*Work required*:
Further down are entries; set down exactly and only the lines from the one with "Low Poly Taxi Car PNG" up to and including the one with "Tschowal-Front, Zentralasien, antik, ca.", dropping each picture.

*Provided data*:
• • • • •

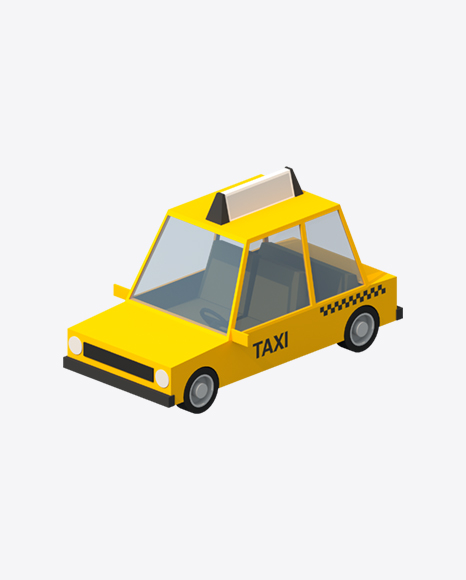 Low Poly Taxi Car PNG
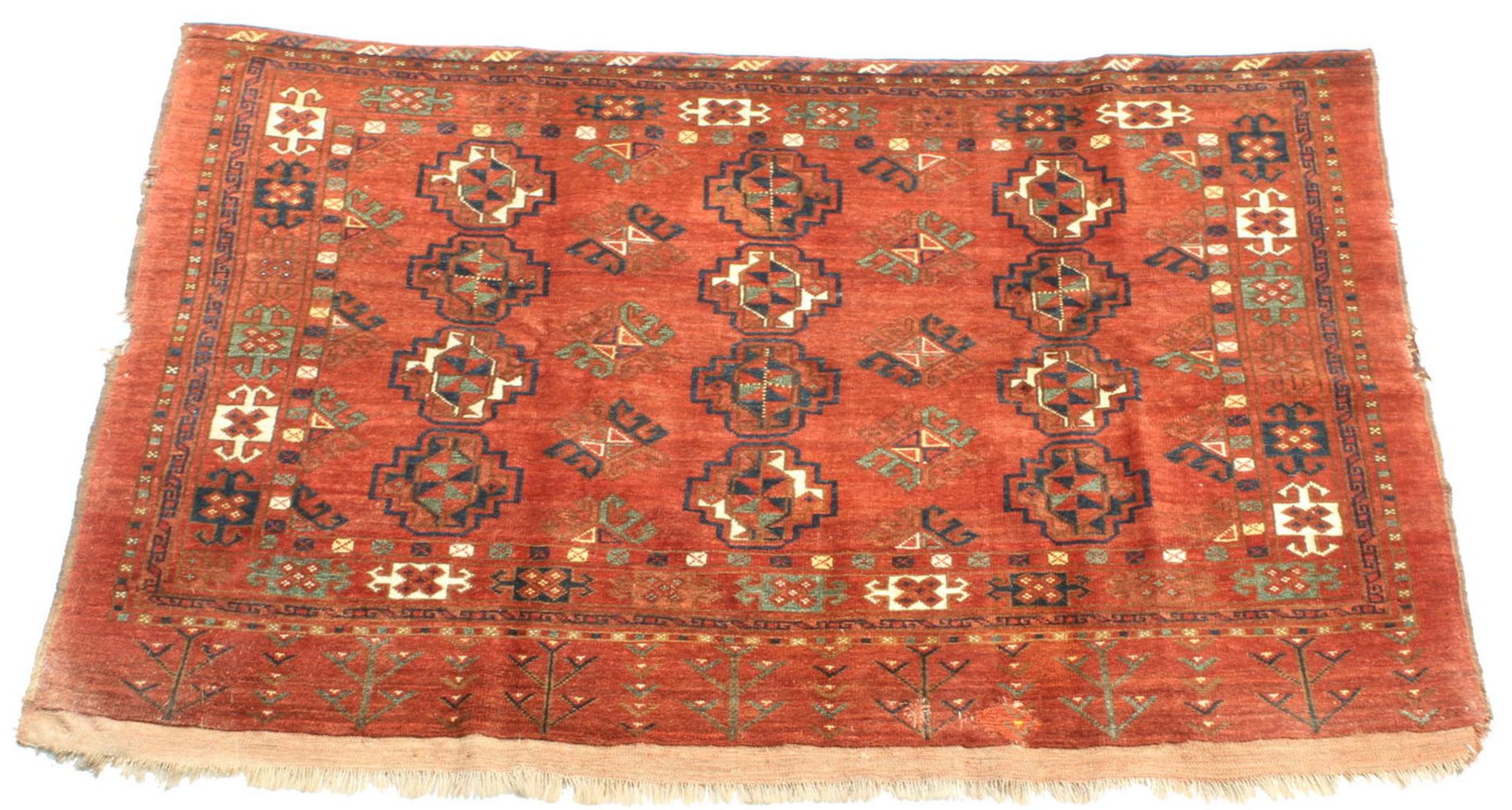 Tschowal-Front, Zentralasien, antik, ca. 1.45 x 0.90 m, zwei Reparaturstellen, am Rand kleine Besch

• • • • •

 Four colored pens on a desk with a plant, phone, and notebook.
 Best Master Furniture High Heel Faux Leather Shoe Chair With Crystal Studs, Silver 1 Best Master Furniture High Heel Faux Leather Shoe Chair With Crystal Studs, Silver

• • • • •

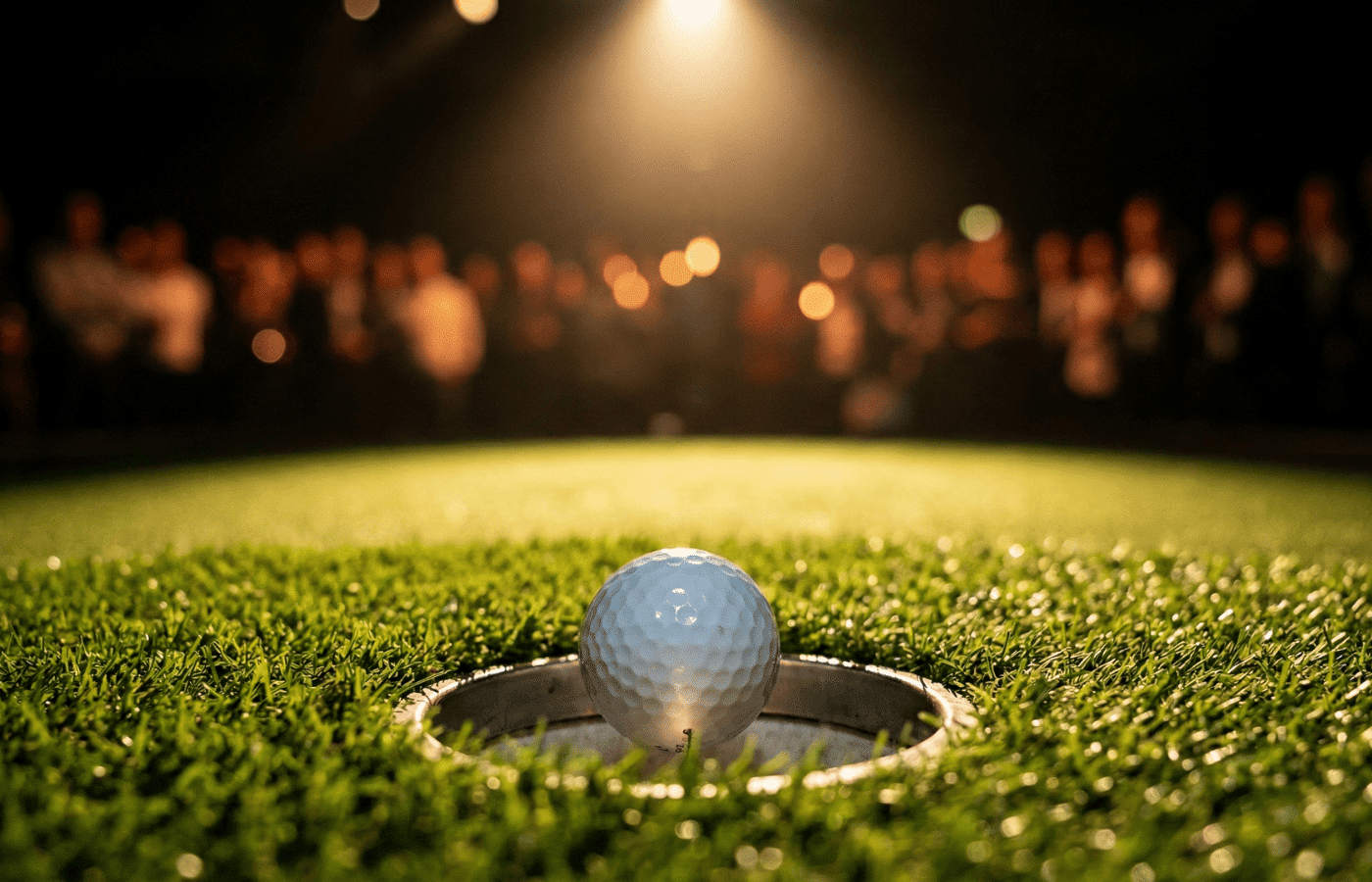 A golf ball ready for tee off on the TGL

• • • • •

*Task answer*:
 Low Poly Taxi Car PNG
 Tschowal-Front, Zentralasien, antik, ca. 1.45 x 0.90 m, zwei Reparaturstellen, am Rand kleine Besch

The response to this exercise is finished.